The unit I evaluated is engineered to control traffic headed to and from WAN pipes running at E1 (2.048 Mbps) or slower, so theoretically any higher rate would suffice. Even when handling flows consisting entirely of short (64-byte) packets, the PacketShaper didn't start dropping traffic until offered loads exceeded 55 Mbps. Latency was also low and constant, with measurements around 500 microseconds, even for long (1,518-byte) packets.

After I enabled traffic shaping and configured the PacketShaper to constrain bandwidth to T1 (1.544 Mbps), I was able to send UDP traffic through the PacketShaper at rates of up to 2.3 Mbps--or around 50 percent faster than the shaping contract was supposed to allow. Packeteer attributes the speed overrun to the beta software I tested.

The PacketShaper behaved much better with TCP traffic. In every test I ran, the PacketShaper enforced to the letter the contracts I set up for various classes of TCP.

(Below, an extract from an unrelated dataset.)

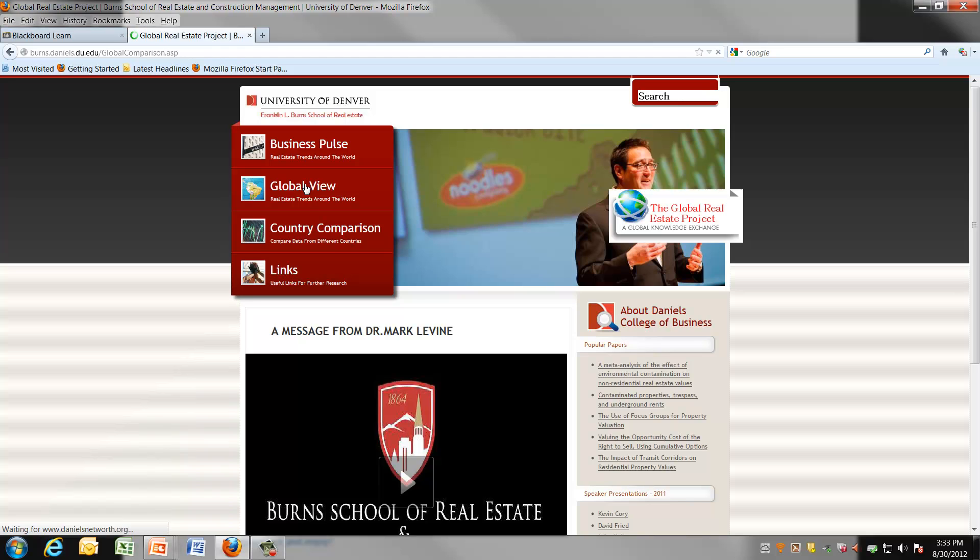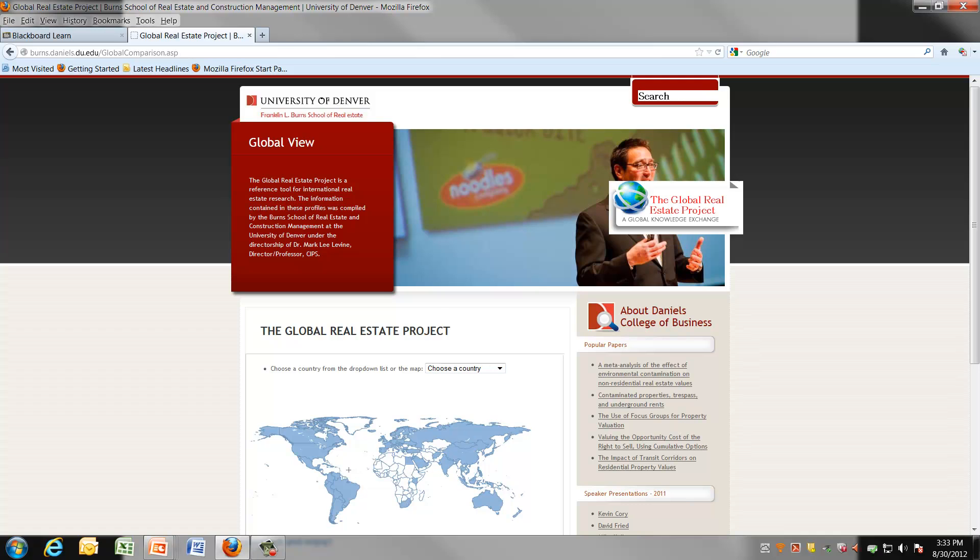So if you click on Global View, you will be able to see more information on specific countries. You can slide across the map and see the various countries, and you could choose these countries to gain information.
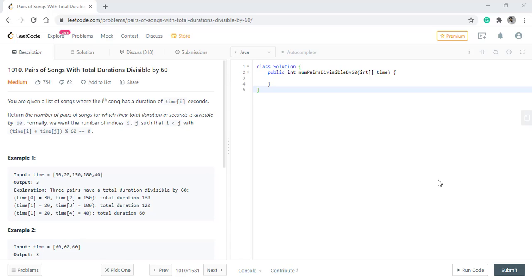Hello guys, welcome to Algorithms Made Easy. Today we will be discussing the question: Pair of songs with total duration divisible by 60.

I then ran another baseline test to determine how many concurrent TCP connections the device could handle. I used Tarantula from ArrowPoint Communications (now Cisco Systems); this device opens TCP connections and downloads 246-byte HTML objects to verify each connection. I got close to 8,200 concurrent connections before transfers started to fail--and that's enough for a unit designed to police a T1/E1 link.

Going With the Flows

PacketShaper also proved effective in a test scenario I ran emulating multiple flows from a branch office. Using the Chariot traffic generator from NetIQ, I set up seven concurrent sessions--four bandwidth-hogging file transfers, a RealMedia stream and two mission-critical sessions (in this case, SAP R/3 purchase orders). Although the file transfers alone were capable of saturating a 100-Mbps Ethernet segment, all these flows had to contend for the same 2-Mbps WAN pipe.

My "before" picture--that is, before I enabled traffic shaping--wasn't very promising. The file transfers used up more than 90 percent of all available bandwidth, pushing response time for the SAP sessions to nearly five seconds, far above the one-second limit considered optimal.

Then I enabled traffic shaping. In this case, I set up a rule that restricted all file-transfer connections to 300 Kbps, with the ability to burst to a maximum of 512 Kbps if other applications didn't need the capacity. Chariot itself limited RealMedia, which runs over UDP, to an offered rate of 300 Kbps; given that my earlier baseline results suggested the PacketShaper isn't very effective at shaping UDP traffic to specific rates, I didn't attempt a UDP overload.

The difference was remarkable. Average response time for the SAP sessions fell to 0.7 seconds, which was well below the one-second threshold for acceptable performance. And the aggregate file-transfer bandwidth averaged 473 Kbps, just as the rule dictated.

The PacketShaper differs from most competing products in that it controls throughput and latency by actively changing TCP characteristics, such as window size (the number of bytes outstanding before an acknowledgement is required) and maximum segment size (the number of TCP bytes per packet). My tests suggest the PacketShaper's TCP rate-control mechanisms are accurate.